According to Hume, government agencies have long ignored the statute, but this is the first time an agency has been directly challenged for failing to comply with the 1994 law.
"The reasons for that are probably that, first, most government contractors don’t particularly like suing the government or suing their potential customers and, secondly, many of those defense contractors have little incentive to do so because if they are repeat players and they make money off of doing defense contracting, then they make a lot of money off of these inefficient, cost-plus contracts," Hume said.
The lawsuit opened up a can of worms on top of what has been a lengthy controversy over whether the Army should scrap its DCGS-A program after spending more than a decade and $3 billion to develop it and go with a commercial, off-the-shelf solution. Soldiers, in Afghanistan particularly, have repeatedly requested permission to use Palantir instead of DCGS-A, as the service continues to work out glitches and problems with its own program.
Palantir mapped out in a motion filed with the court as part of the lawsuit what it believes were the Army’s repeated, biased attempts to block the company from working with the service to test and integrate its technology into DCGS-A.
Hume said the judge stated in her ruling that the standard for proving bias and bad faith in a bid protest like this is extremely high "and she did not make a finding of bias and bad faith but instead ruled on this 1994 statute not being complied with."

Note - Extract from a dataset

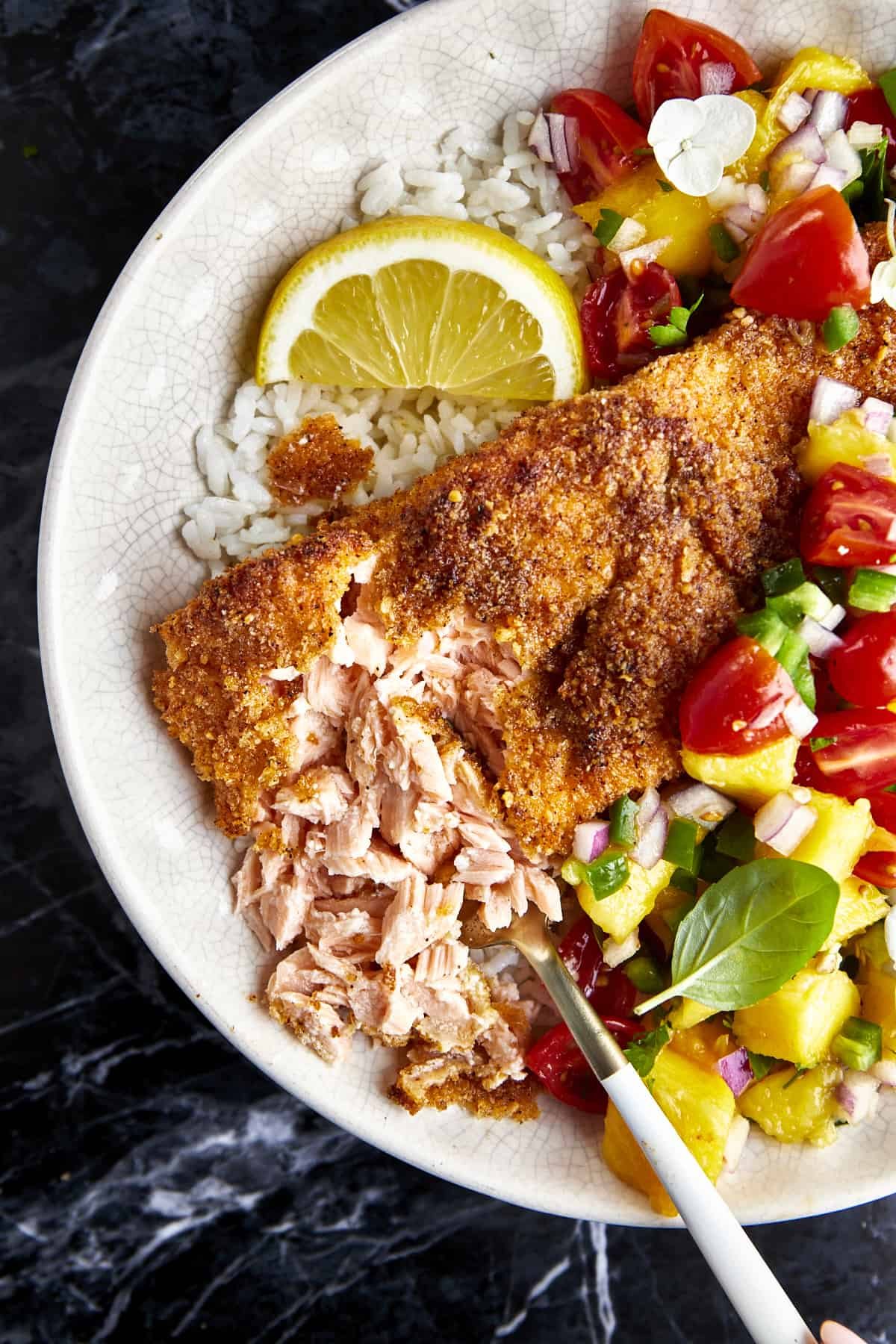 Flaked Parmesan crusted salmon with mango salsa in a bowl over white rice.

Palantir previously filed a protest with the Government Accountability Office arguing that the way the Army wrote its requirements in a request for proposals to industry would shut out Silicon Valley companies that provide commercially available products. The company contended that the Army’s plan to award just one contract to a lead systems integrator means commercially available solutions would have to be excluded.
The GAO denied the protest.
The decision today, Hume said, is seen not only as a victory related to the DCGS-A acquisition issue, but will hopefully hold government agencies’ feet to the fire to conduct more thorough market research into commercially available items and will "make it more appealing for innovators like Palantir to come to Washington and compete for government business."
While the DCGS-A Increment 2 contract has been publicly estimated to be in the $200 million range, Hume said the ruling could have broader impact on defense contracting -- and elsewhere in the government -- as more doors will open between the government and the commercial technology world. "Having to actually comply with the statute and look for commercial items could go quite beyond just that $200 million amount," he said.
While the judge will issue a written ruling in the coming days that will initially be under seal, a public version will be released subsequently, Hume noted.
He said the judge was "clear" that she expected a major effort from the Army to investigate commercial options.
The government, during the hearing, asked whether the injunction would prevent it from continuing to review and evaluate the bids that were previously received in response to the December 2015 solicitation, according to Hume. "The judge did not react positively to that question because it suggested to her that the Army was not taking her order and her injunction seriously, and she told them that," he said.
"This is not something where they can just put a band-aid on it and try to fix this," he said. The judge "made clear she did not think this was some minor thing they could just tweak, but they had to go back and really do the work to study what is available and what is out there."